Information provided ::
###
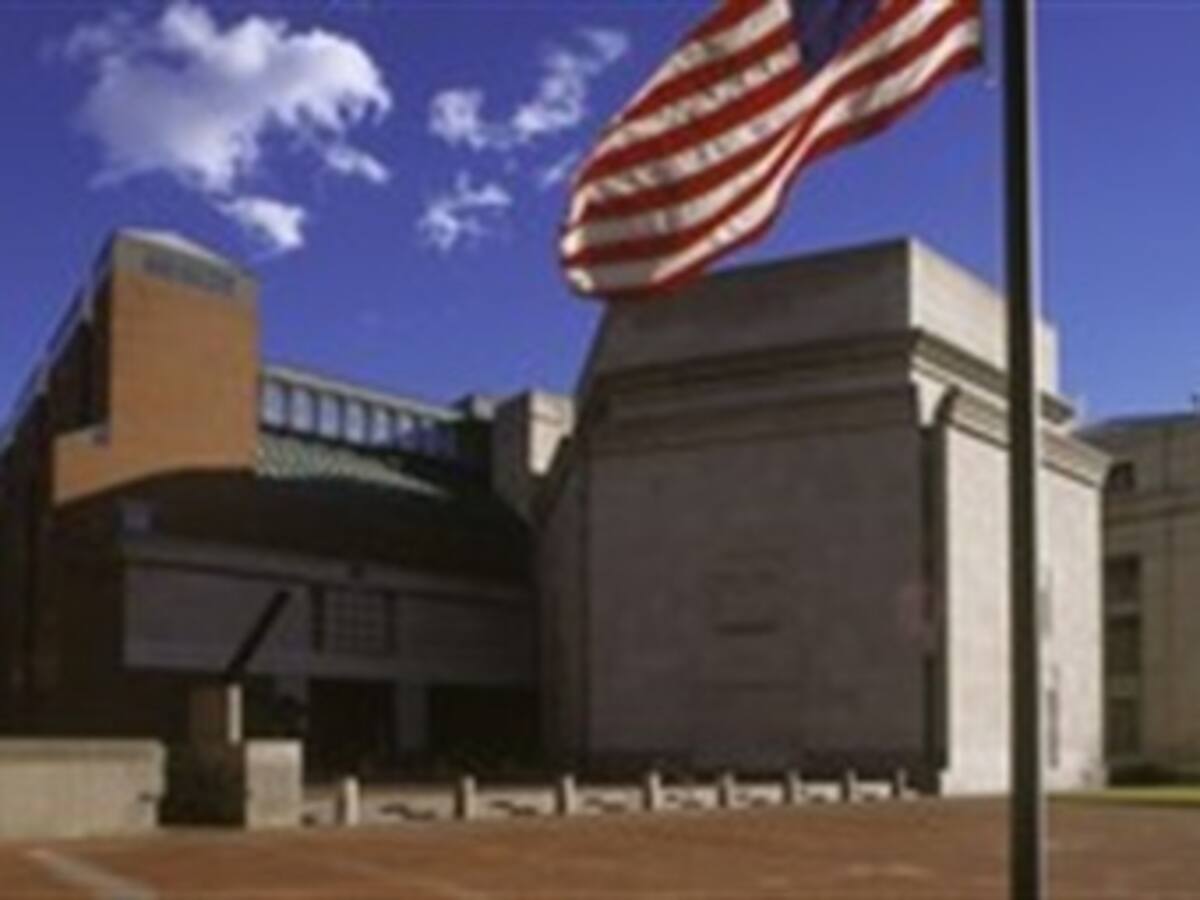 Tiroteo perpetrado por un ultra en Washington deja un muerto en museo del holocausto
###
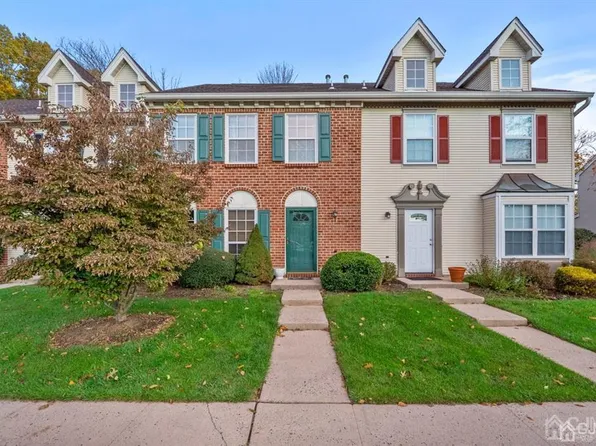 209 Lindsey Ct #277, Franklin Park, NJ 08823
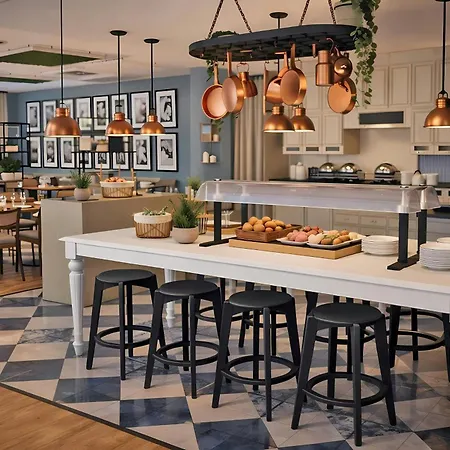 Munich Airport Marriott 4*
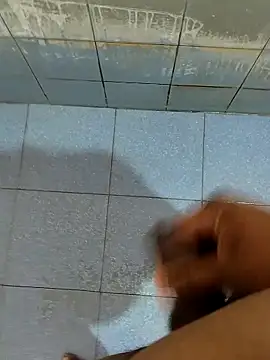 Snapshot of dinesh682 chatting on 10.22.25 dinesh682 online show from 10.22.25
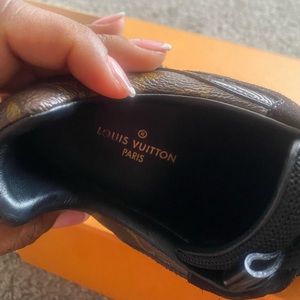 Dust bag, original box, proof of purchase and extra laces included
###
Problem to solve :: While skipping the pictures, transcribe the data above from the line showing "209 Lindsey Ct #277, Franklin Park, NJ 08823" through the line showing "Dust bag, original", exactly and with both ends.

Written response ::
 209 Lindsey Ct #277, Franklin Park, NJ 08823
 Munich Airport Marriott 4*
 Snapshot of dinesh682 chatting on 10.22.25 dinesh682 online show from 10.22.25
 Dust bag, original box, proof of purchase and extra laces included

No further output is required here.